Henders Miller pointed out Zerbin remains grief stricken over her actions and co-operated fully with the Sidney/North Saanich RCMP. Investigators reported the Sunbird was in good working order and that Zerbin simply mistook the gas for the brake.

“The only explanation she can offer is that she must have put her foot on the gas, that the car leapt forward and she didn’t know what to do. She couldn’t find the brake but didn’t know why,” said defense lawyer Dan Murphy. “She was deeply troubled by in the aftermath and remains deeply troubled by Mr. Sharma’s death.”

Crown and police agreed Zerbin wasn’t criminally liable and she was charged with driving without due care and attention under the Motor Vehicle Act. Besides a speeding ticket in 1991, this crash is the only blemish on her driving record in 65 years.

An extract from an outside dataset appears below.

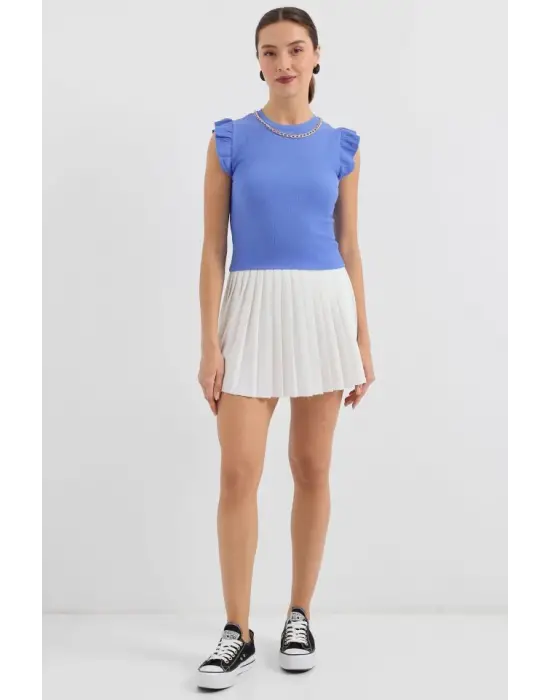 0430 Örme Bluz - B.Mavi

“I’d like to say I’m very, very sorry for hurting the taxi men and for Mr. Sharma and his family. I am very sorry,” Zerbin told the court, standing next to her son, Ted. Her lawyer told the court she would never seek a drivers license again.

Zerbin moved to Victoria in 1944, served in the air force for three years and worked at the Yarrow Shipyards until retiring on a modest pension, and has no assets beyond the car that was destroyed. She and the Victoria Airport Authority face nine civil lawsuits launched by taxi drivers impacted by the crash.

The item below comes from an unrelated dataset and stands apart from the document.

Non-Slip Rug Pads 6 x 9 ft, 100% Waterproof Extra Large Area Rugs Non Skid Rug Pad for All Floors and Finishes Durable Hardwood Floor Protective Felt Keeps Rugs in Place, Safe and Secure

Sharma’s son Sanjeev, 23, and daughter Sabina, 18, sat through the proceedings, quietly wiping away tears as the Crown and defense lawyers described the series of events that led to their father’s death.

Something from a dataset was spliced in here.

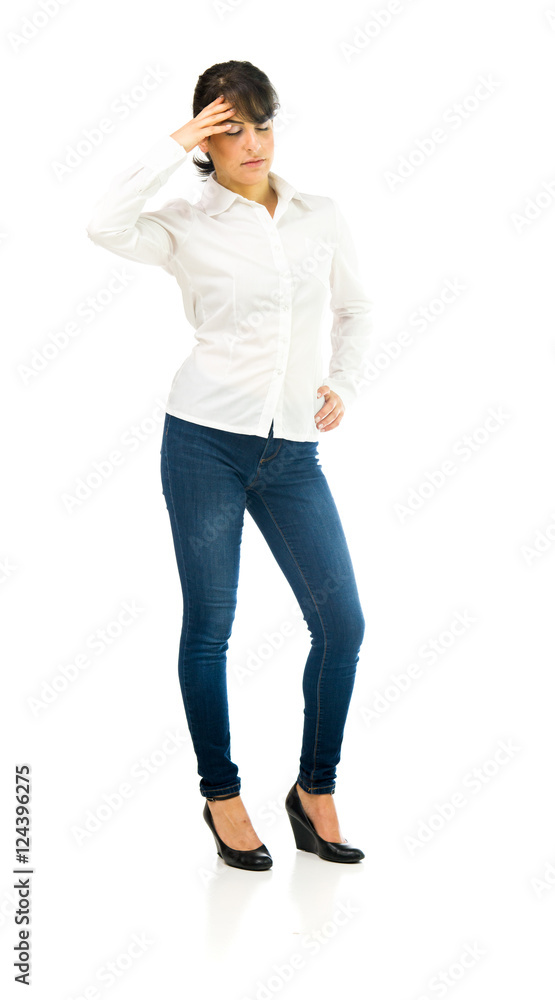 Model in studio isolated on white background full length Model in studio isolated on white background full length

“I think she knows she made a mistake and is sincere. I don’t feel hatred toward her. It’s unfortunate she took a life,” Sanjeev said after court finished.

Ramesh Sharma immigrated to Canada from New Delhi, India, around 1985. Sanjeev described his father as a man who worked hard every day of his life to allow his children to have good lives and a good education.

As timing would have it, later in the day Sanjeev attended convocation at the University of Victoria to receive a B.Sc. in economics. Sabina graduates from Grade 12 in a week from Claremont secondary.

“His whole life he worked for our family,” Sanjeev said. “Since he moved here he worked to save money to make sure we had good lives.”

Since his father’s death, their mother has been unable to work and Sanjeev has split his time between school and running his father’s taxicab, which is the only source of income for the Sharma family. The family is also part of the civil lawsuit against Zerbin.

Judge Blake said the $1,500 fine and driving prohibition reflect penalties set out under the Motor Vehicle Act, and isn't putting a price tag on the value of human life. Courts are “ill equipped” to deal with these scenarios, he said.

“Horrific consequences loom over the proceedings, but the court has to bear in mind the defendant is not being prosecuted with a criminal charge,” Blake said.

Zerbin is sincerely remorseful and had led an exemplary life, the judge said, but her fateful 19 seconds of panicked driving led to “physical and psychological (consequences) for all involved and devastation for the Sharma family that is almost beyond words.”